If most popular means most cards sold, the dearth of 30xx cards in the Steam hardware survey is a damning indictment of how few cards actually reached gamers this generation.
 
If most popular means most cards sold, the dearth of 30xx cards in the Steam hardware survey is a damning indictment of how few cards actually reached gamers this generation.
I think the 1060 has held the top spot for 5 years now.
 
If most popular means most cards sold, the dearth of 30xx cards in the Steam hardware survey is a damning indictment of how few cards actually reached gamers this generation.

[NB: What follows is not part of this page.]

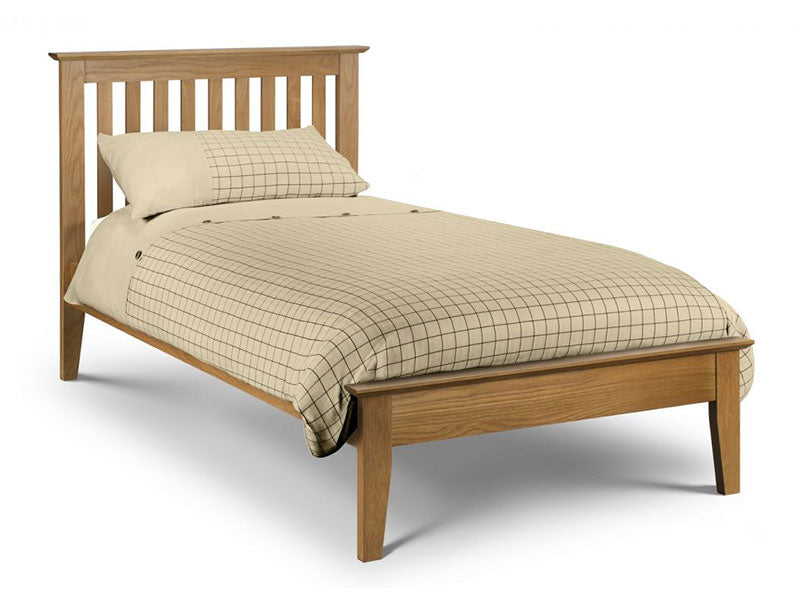 Saturn Shaker Oak Bed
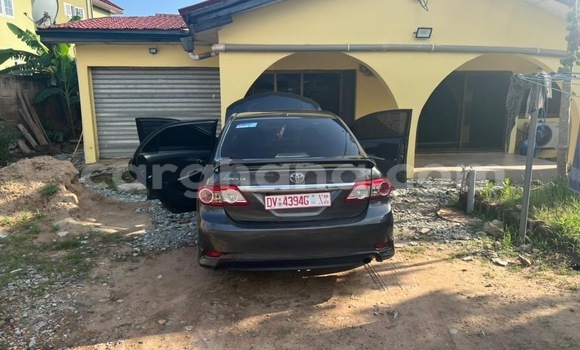 Buy Used Toyota Corolla Other Car in Accra in Greater Accra Buy Used Toyota Corolla Other Car in Accra in Greater Accra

Just shows how little real gamers actually upgrade. I think most people got off the 5-12 month GPU upgrade wheel years ago at this point. I used to buy a new GPU almost every year... then at some point the jump in performance just didn't make it worthwhile. The last 5-6 years they made it even worse when Nvidia became the clear number one and prices jumped. I used to be able to buy a good mid range card and it would beat the last generations best... that hasn't been true in ages, and I'm not going to start buying $1200 GPUs annually.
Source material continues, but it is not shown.